匿名さん
元中日の早川実投手を知ってますか? 1976年 私は早くからドラゴンズ優勝説を唱えてきたが、十、十一日と二日つづきの大逆転ドラマを見て、その意をさらに強くした。
ことし優勝したら、三年といわず五年以上、ドラゴンズの天下が続くと予言してもよい。
十一日の試合直後、ホエールズの近藤昭仁コーチは、ドラゴンズの塚田直和ランニングコーチと球場の廊下でばったり顔を合わせると、思わず「まるでもう悪夢ですよ」ともらしたという。
敵に弱音を吐くとはー。
鯨たちの集団憂うつ症が目に見えるようではないか。
「悪夢ですよ」の一言に、私はホエールズのドラゴンズ恐怖症の芽生えを見る。
カモを多くつくることが優勝の第一条件なのだが、近藤昭仁コーチの一事はカモの嘆きとみていいのではないか。

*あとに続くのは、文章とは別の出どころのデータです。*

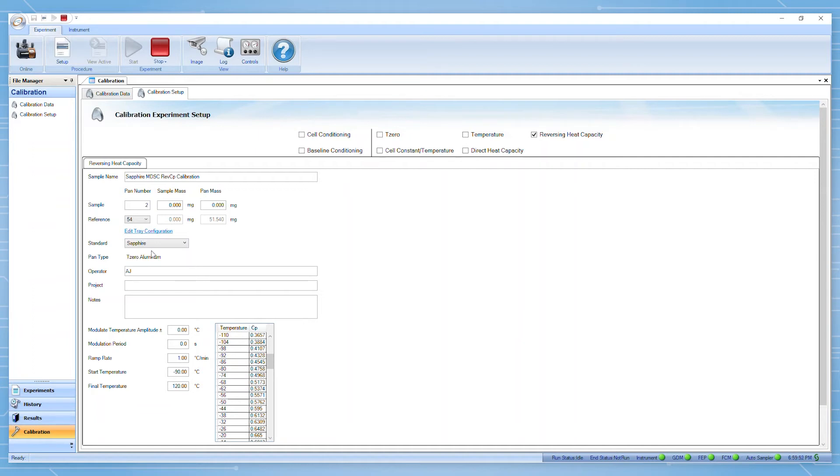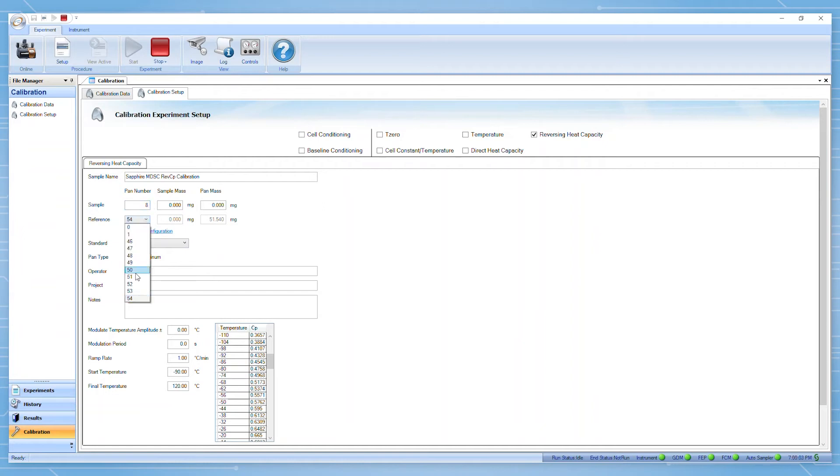If you are using an auto sampler, you can input here the location of your sample pan and reference pan. Again, you must match the pan type of your reference pan to the one you're using for your sample.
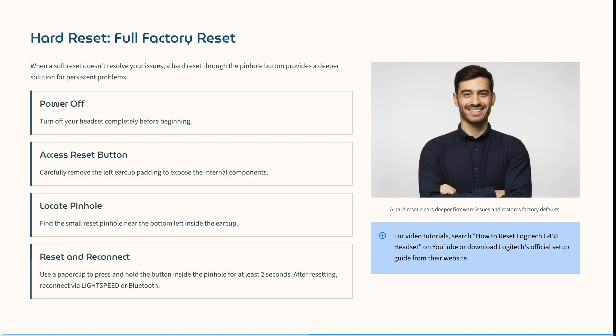After this reset, connect via Lightspeed or Bluetooth and you should be up and running.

この逆転の福夢に狂喜乱舞する竜たちの中で、最高のラッキーボーイはルーキーの早川実だ。
十日、わずか19球で初勝利をつかんだとき、彼は「この喜びをさっそく坊主に知らせます」と言った。
彼は昨年暮れ、くしくも入団発表直後に生まれた功君がいる。
まだ口もきけない赤ちゃんだが、早川はそれほどうれしかったのだろう。
彼の喜色満面の顔を見て、私は小川健太郎たちを思い出した。
彼も高岡英司も、そして三年前、谷木恭平がドラゴンズのユニホームを着たときは子連れ新人であった。
また名古屋は、中利夫、高木守道、江藤省三など三十を過ぎて選手がよく育つ土壌だ。
早川にもその土は合うはずである。
ド心臓の持ち主だし、ほがらかな男だ。
ファームの若手投手の面倒をよく見ており、彼らからも「ムーミン」というニックネームをたてまつられていると聞いた。
新人を育てることのうまい近藤貞雄ヘッドコーチ門下に入った幸せ者だが、私は彼にことしのドラゴンズの道を見た思いだ。
彼がドラゴンズの幸運派の筆頭なら、ドラゴンズ快進撃の軸は星野仙一だと見る。
早川投手の話 みんなからツキ男だと言われますが、結果的に見て勝ち星が転がり込んで来ただけ。
プロ入り初登板の初勝利なんてラッキー以外の何ものでもないですよ。
これまでも野球では、ここという場面でツイているな、と思ったことは何度かある。
野球以外では別にない。
せいぜい十年近く前。
自動車の運転免許を取り立てのころ、ミゾに突っ込んだり、横っ腹に衝突されても、ケガ一つしなかったことはありますがー。
ピッチングは、ストレートの伸びがもう一つない。
でも1イニングぐらいの救援は変化球で勝負した方が無難だと思った。
これからも首脳陣の要求に応じ、ワンポイント救援でも全力を尽くしたい。
もし、打者ひと回り投げられたらというのが、いまのボクの夢です。